How to Publish a Novel: Part 5

It’s like watching a sunset. The beautiful colors of red, purple, orange, outlining the clouds and creating hypnotic layers is worth the commitment, patience, and wonder that escapes your heart.

I’m excited to share my coming soon novel with you. This has been such a journey. I have learned that going from writer to author take a lot of work. This is my story and it may not be the same process for everyone, but it helps me stay organized and hopefully you learn something too.

This is another post of my eight part blog mini-series.

Part 5: Thank you, Beta Readers

Ok, so by this point, I determined that I needed help editing. Who do you ask to do that? I know tons of readers and writers, and supporters to my book writing, but who do I trust? Also, who reads fast? And who can tell me the constructive criticism I need to hear? This has been an accelerated process having 3 beta readers (maybe fewer than most) in 6 months, but it has been more than rewarding. I’ve learned that in my next novel, I should 1) start sooner, and 2) find a critique partner.
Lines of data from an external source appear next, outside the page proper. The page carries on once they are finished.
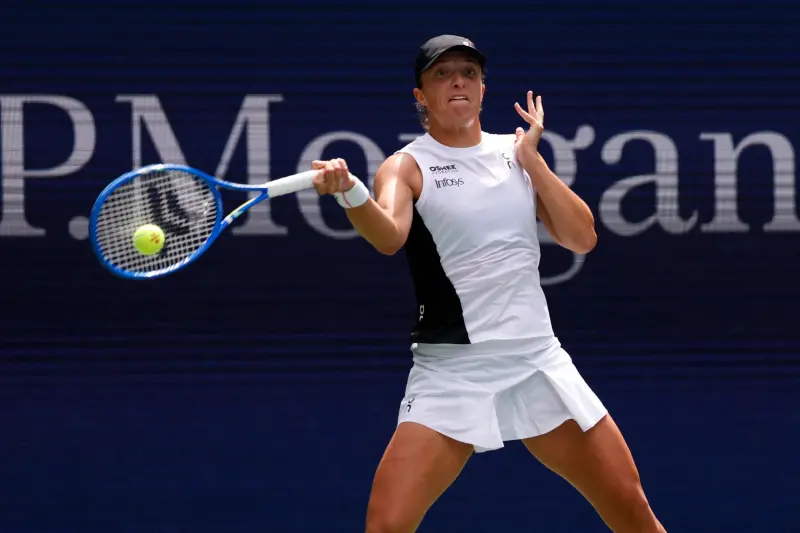 ▲前世界球后史薇泰克（Iga Swiatek）僅用64分鐘，以6：3、6：1直落二擊敗阿列克珊卓娃（Ekaterina Alexandrova），強勢挺進美網女單8強，締造年度四大滿貫皆晉級8強的紀錄。（圖／路透／達志影像）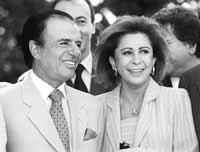 Sonrientes uno junto al otro como en los viejos tiempos, el Presidente y la secretaria de Recursos Naturales.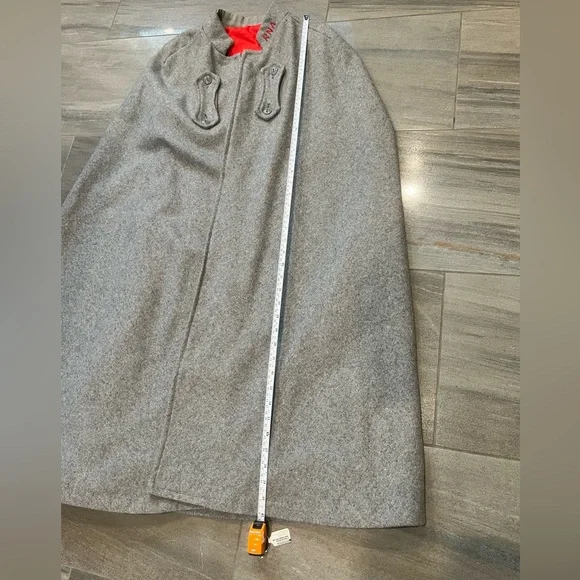 Vintage Mid-Century Grey Wool Nursing Cape with Red RNA Embroidery - Picture 11 of 12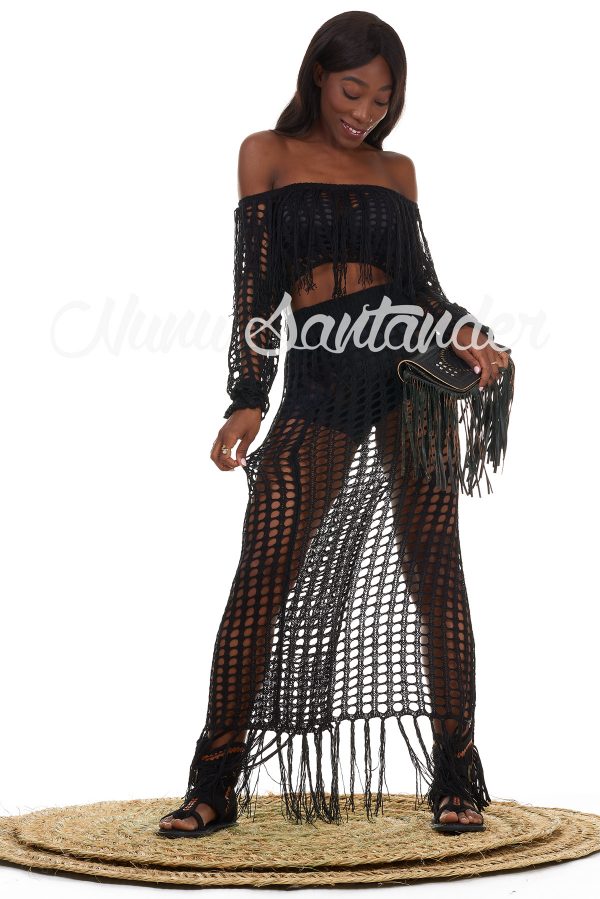 Conjunto de top y falda de crochet. La parte de arriba trae manga larga y elásticos en el escote y en los puños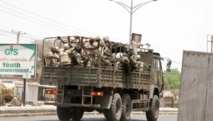 Patrouille militaire à Maïduguri, le 14 mai 2015. REUTERS/Stringer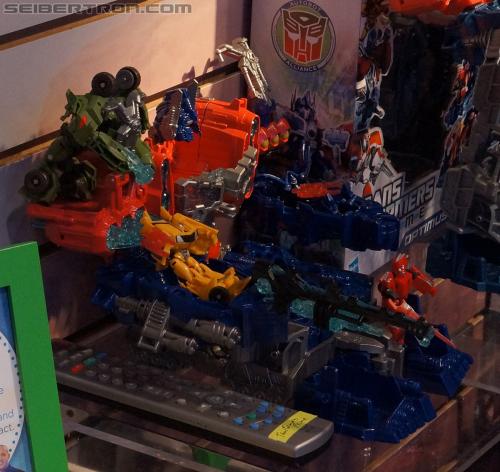 Toy Fair 2012 - Transformers Prime Cyberverse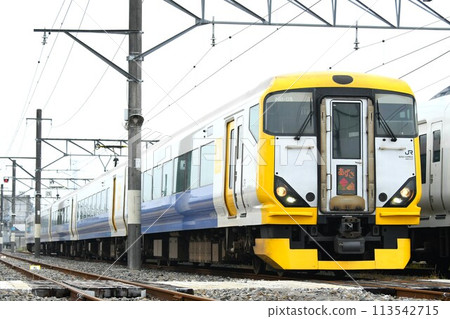 E257系列500停在拘留軌道上（特快Azusa顯示） 113542715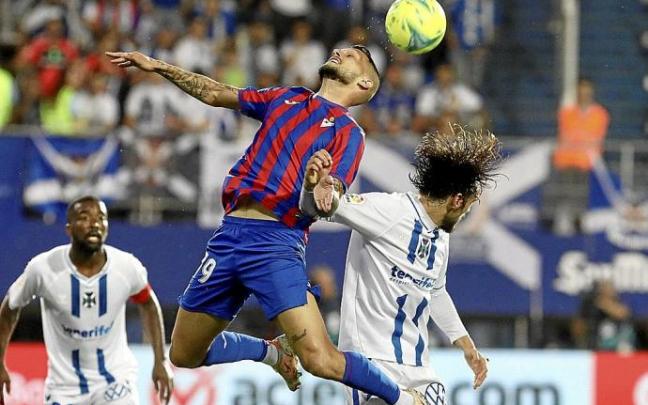 Stoichkov, autor del primer gol, pugna con un rival del Tenerife, anoche en Ipurua. Foto: Javi Colmenero Stoichkov, autor del primer gol, pugna con un rival del Tenerife, anoche en Ipurua. Foto: Javi Colmenero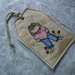 Tag decorativa Primitive Stitchery - ricamata a mano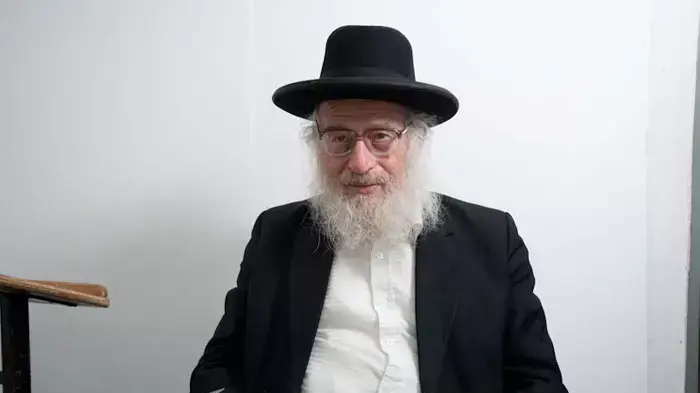 הרב יואל שוורץ, עומד בראש בית-הדין לענייני שבע מצוות, יולי 2011 הרב יואל שוורץ, עומד בראש בית-הדין לענייני שבע מצוות, יולי 2011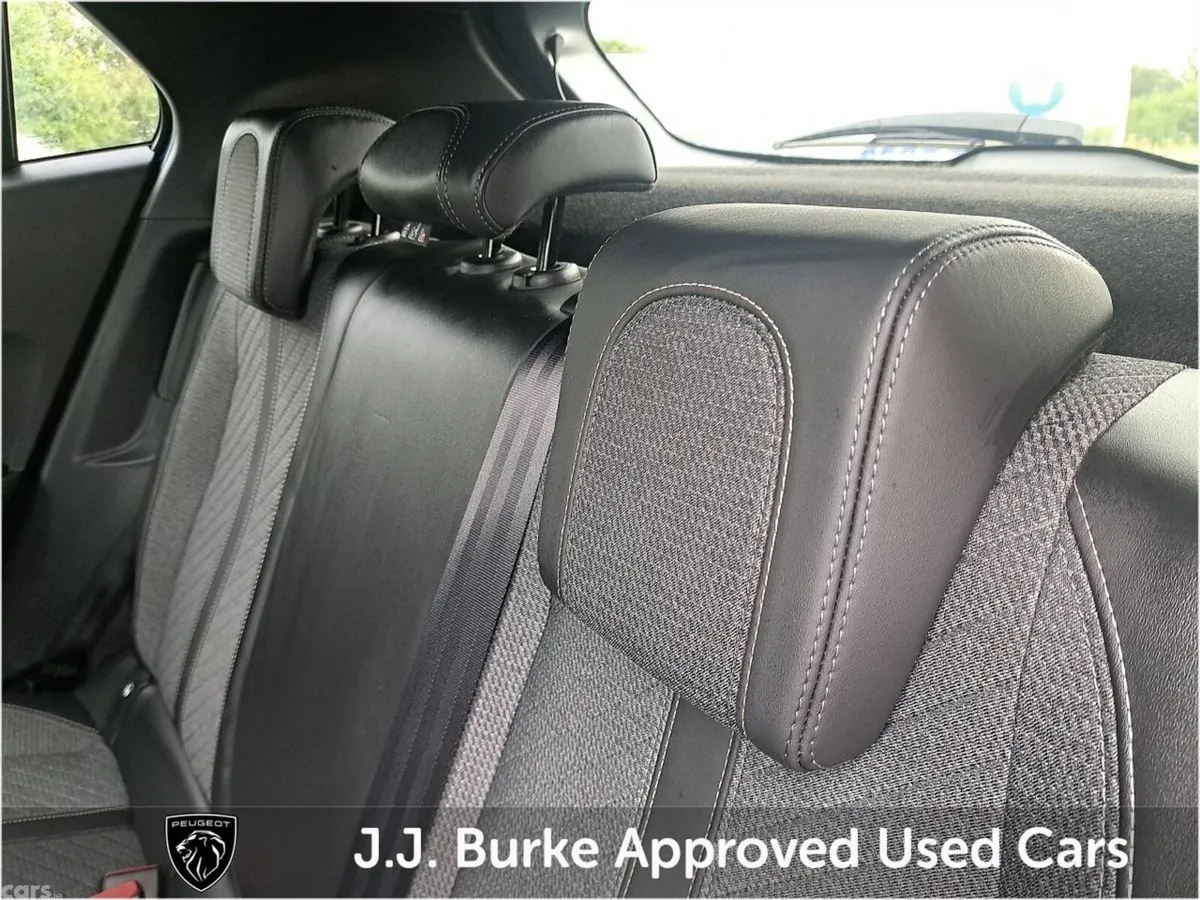 Peugeot 2008 MPV, Electric, 2024, Blue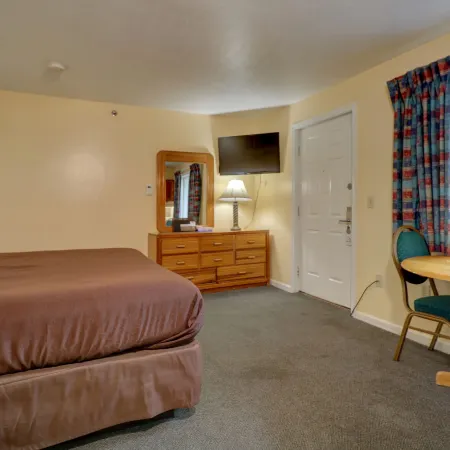 Brookside Inn & Cottages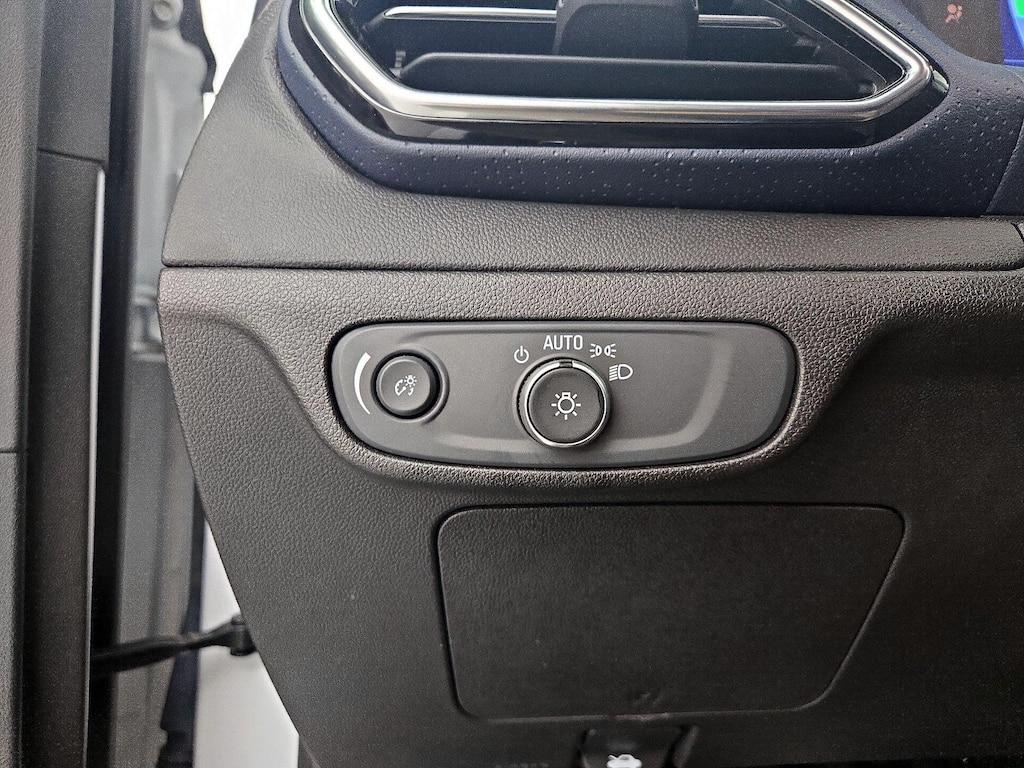 used 2022 Chevrolet Bolt EUV car, priced at $23,998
Tip 1: Over-writer or under-writer

First of all, I learned that I am an under-writer. I make assumptions of my reader’s imagination and need to add detail to show the reader. To help put this in perspective, I thought I was “done” at 51,000 words in December. After adding huge world building and character development bits, I am now over 70,000 words. That’s 30% more. My beta readers would ask me questions of “did you mean–” or “what about–” and I could clarify in a conversation, but the main take away was, if it wasn’t clear in the book itself, add it.

Tip 2: Talk it out and uncover what is truly missing

Sometimes it was frustrating. Some questions my beta readers posed were, “So I don’t get the spaceship–” and “I like reading Mac, but he doesn’t do anything for the plot.” It was obvious to me, or maybe I liked leaving the color of something up to the reader’s imagination, but I’ve come to terms that that doesn’t make a good writer. There is a fine balance between too much detail (Lord of the Rings) where you skip chapters or pages of descriptions, and not enough (i.e. what I had). And by the way, sometimes you know the answer, and sometimes you have to dig deeper and go from editor to writer again. That is tough.

Tip 3: Never too soon

I was scared to give my unpolished book to someone, wanting a magical answer to the time and place for when it would be ready. Thank you to my beta readers that honestly read an incomplete novel and helped me relinquished the protective hold I had on my book as a dream. Through their involvement, it opened doors that would grow organically into reality. I learned SO much from my friends and family beta readers. They read it as readers, and it completely refueled me with their enthusiasm.

Thank you, from the bottom of Michelle’s heart, beta readers!